* _Task item_
What you return must match, exactly, the lines running from the one containing "Garçon de 3" to the end of the data, both included, and must contain no pictures.

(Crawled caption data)
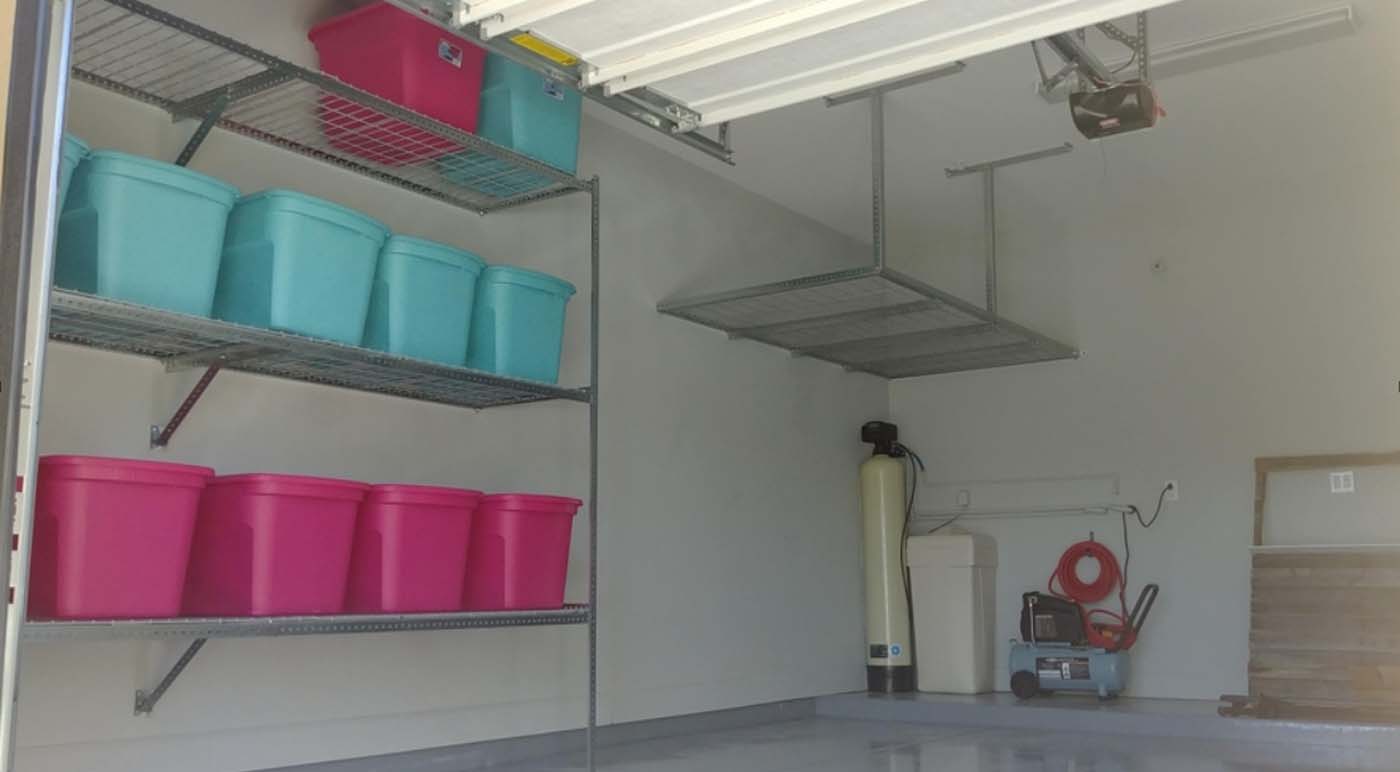 Three extended 12ft by 2ft steel shelves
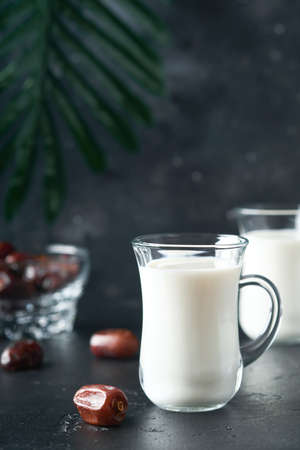 Ramadan Kareem food and drinks. Plate of dates, glass of milk and date palm branch on black background. Righteous Muslim Lifestyle. Vegetarian food. selective focus.の写真素材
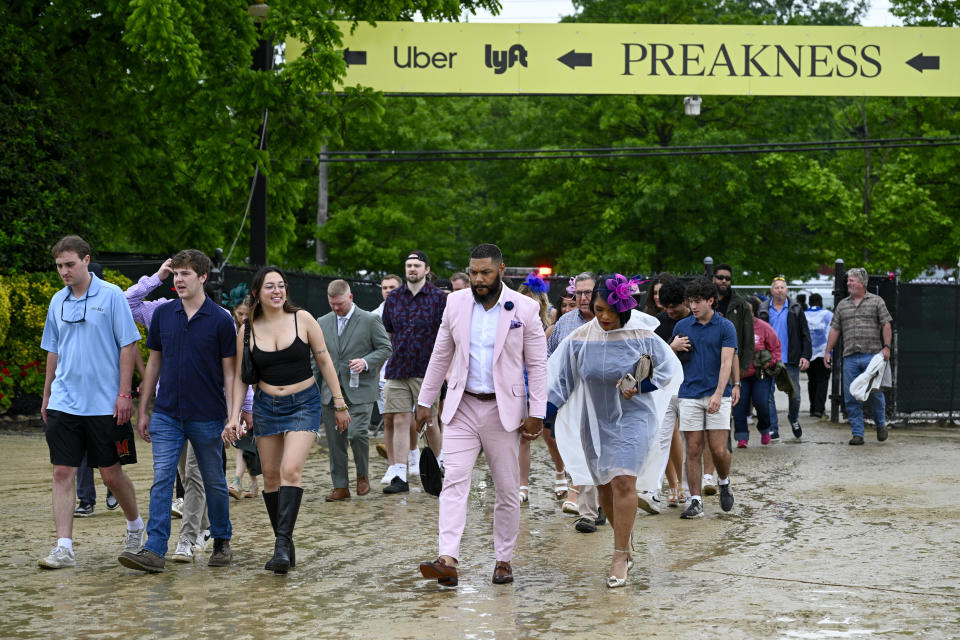 Spectators walk on mud as they head to the grandstand ahead of the Preakness Stakes horse race at Pimlico Race Course, Saturday, May 18, 2024, in Baltimore. (AP Photo/Nick Wass)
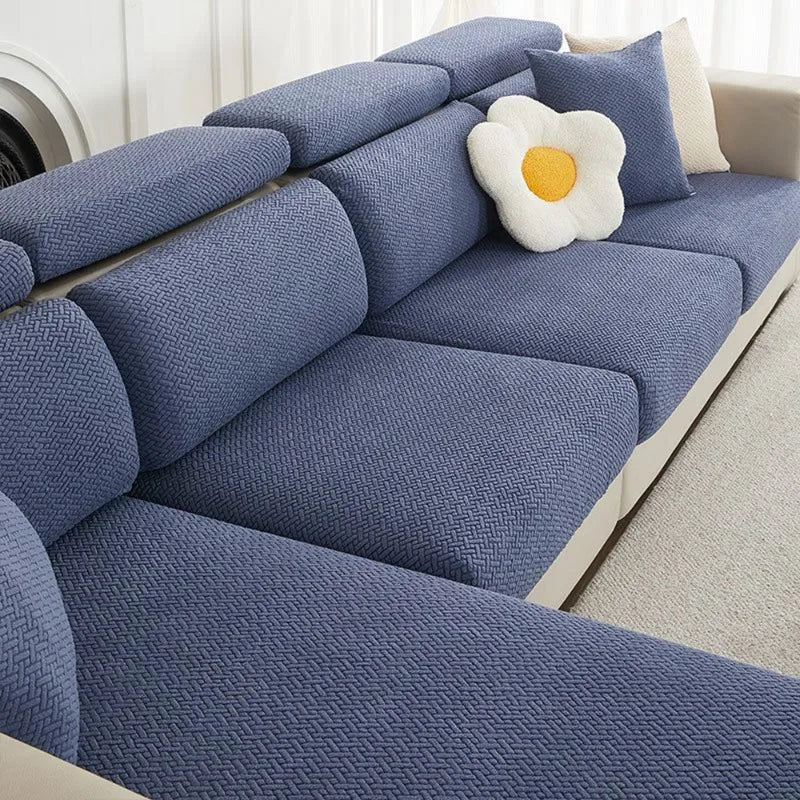 A navy blue jacquard elastic sofa cushion slipcover with a white flower accent on a light-colored sofa.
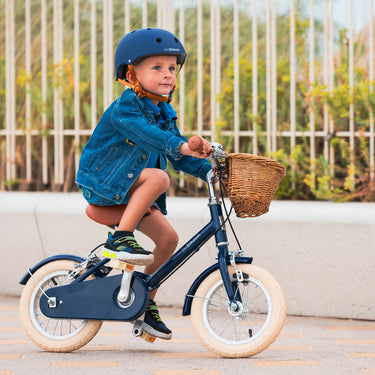Garçon de 3 ans roule joyeusement sur vélo Bebikeen 12 pouces bleu marine, 2 à 4 ans, avec casque assorti.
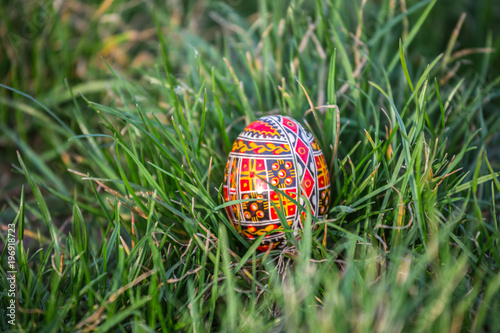 Traditionally painted Easter egg hidden in grass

* _Answer section_
Garçon de 3 ans roule joyeusement sur vélo Bebikeen 12 pouces bleu marine, 2 à 4 ans, avec casque assorti.
 Traditionally painted Easter egg hidden in grass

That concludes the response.